Events

Each Event is a JSON-representable object. Events have a core set of fields and are extensible.

Field Type Optional? Description
subj_id URI No Subject persistent ID.
relation_type_id string No Type of the relationship between the subject and object.
obj_id URI No Object persistent ID.
timestamp Timestamp No Timestamp of when the Event was created.
occurred_at Timestamp No Timestamp of when the Event is reported to have occurred.
id UUID No Unique ID for the Event.
source_id string No A name for the source.
source_token UUID No Unique ID that identifies the Agent that generated the Event.
terms URL Yes Terms of use for using the API at the point that you acquire the Event.
license URL Yes A license under which the Event is made available.
evidence_record URL Yes Link to an Evidence Record for this Event.
subj JSON Object Yes Subject metadata.
obj JSON Object Yes Object metadata.

subj_id and obj_id

An Event has a Subject and an Object, expressed as a URI. This could be:

  • The Canonical URL of a webpage, if one is supplied. E.g. Some blogging platforms report a Canonical URL.
  • The URL of a webpage as found.
  • The DOI of the content being referenced.

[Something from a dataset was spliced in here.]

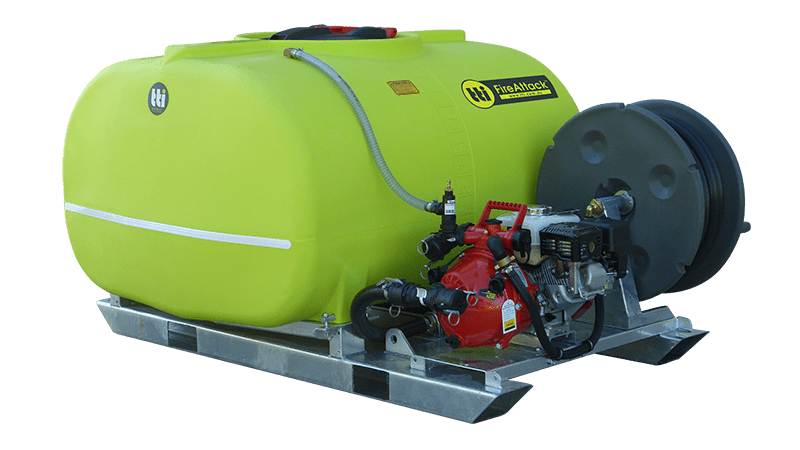 1200L FireAttack™ Deluxe Slip-On Skid Fire Fighting Unit - Image 2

Becuase Event Data is designed to track registered content via DOIs, every Event contains a DOI as the subj_id or obj_id. Most events have a webpage URL as the subj_id and a DOI as the obj_id, but this is left to the individual Agent that produces the Event.

relation_type_id

The Relation Type ID is taken from a controlled vocabulary. You should refer to the documentation for each source to see which relation types are used.

timestamp and occurred_at

Every Event has a time at which it was created. This is automatically assigned when the Agent sends an Event into the Event Data system. This is usually soon after the Event was observed. You can use this timestamp to filter Events that were collected within a certain date range, and as a reliable method for iterating over all Events.

In addition to this, every Event has a theoretical date on which it occurred. The precise meaning of this can vary from source to source. Twitter's occurred_at corresponds to the date that Twitter reports that the tweet was published. The Newsfeed source takes the date from the time that an RSS feed indicates that the blog was published. The web source takes the date that a webpage was observed. For more information, see each source's documentation. There is an in-depth discussion of times in the Time page.

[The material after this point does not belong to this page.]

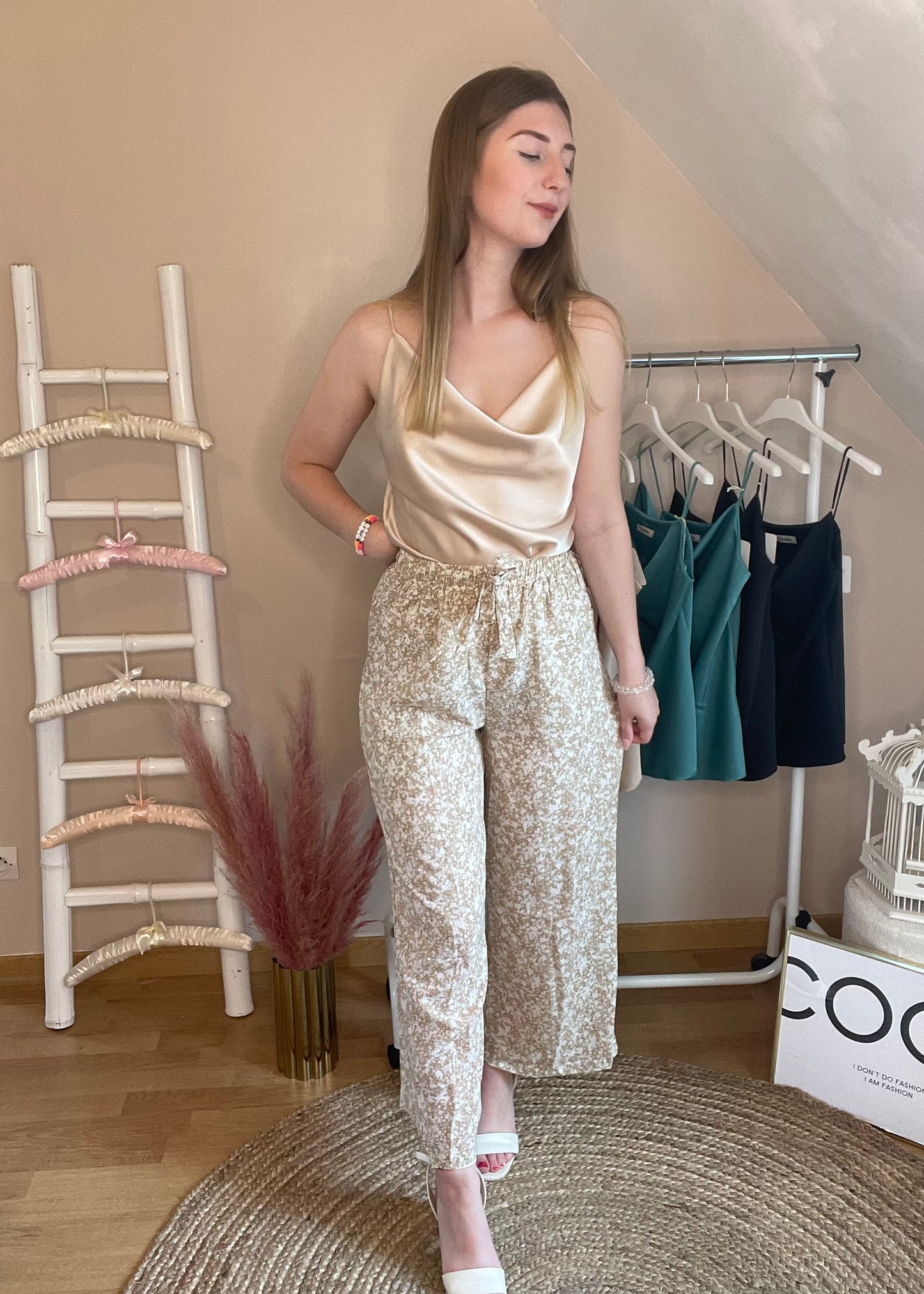 Pantalon fluide KATE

Timestamps found in the timestamp or occurred_at fields are given in ISO 8601 UTC Z format, e.g. 2017-05-14T05:04:57Z. In other fields you may see formats including, e.g. 2017-05-14T05:04:57.000Z. All dates conform to ISO8601.

id

Every Event is assigned a unique ID. This enables you to unambiguously refer to the Event in question.

source_id

The source_id identifies the original source of the input data. It corresponds to the list of sources you can find listed in this guide. Every source is monitored by an Agent.

source_token

Each Agent has its own unique ID, which you can find in the Sources documentation. The source_token identifies the Agent that processed the data to produce the Event.

terms and license

Events will be made available via the Crossref Event Data Query API. If you use this service you must abide by the Terms of Use, which are indicated in the terms field. You may find the same data made available via other services, for example DataCite's Event Data service. If this is the case, the terms field in Events made available via these other services may be different or missing.

As each source may operate under a different license, every Event includes a license field. Only licenses from the Open Definition list are used.

evidence_record

An Event may have an Evidence Record associated with it. This is a file that provides an audit trail of how the Event was created. For more information see Evidence Records.

subj and obj

The Event may include metadata about its subject and/or object. For example:

  • pid - The persistent ID. Must correspond to subj_id or obj_id.
  • issued - Publication date.
  • title - The title of the webpage, comment, etc.
  • author - Author of the comment, blog etc.
  • url - URL where this was found. May be different to pid.
  • method - Optional. The method by which we matched a URL for registered content to a DOI.
  • verification. Optional. The method by which we verified that this content has the given DOI.
  • work-type-id. Optional. The work-type id of the object as defined by its Registration Agency, for example journal-article, Dataset, Text etc.

We typically only include metadata that you are unable to get elsewhere and that is unlikely to change. Where the subj_id or obj_id is a DOI, we will not include the metadata because you can easily look it up using the Crossref or DataCite APIs and it could go out of date if recorded. We also store a large amount of metadata associated with each DOI, and including it all would balloon the data to many times its size.

People don't always use DOIs to cite registered content, especially on social media, so we often link using the landing page. Where a link to a landing page is identified, and we can match that to a DOI, we will use the DOI as the obj_id and obj.pid, and the actual URL of the landing page as the obj.url. In these cases, we include an optional method and verification field to indicate how we matched a DOI, and how we verified that. For a full description see Matching Landing Pages.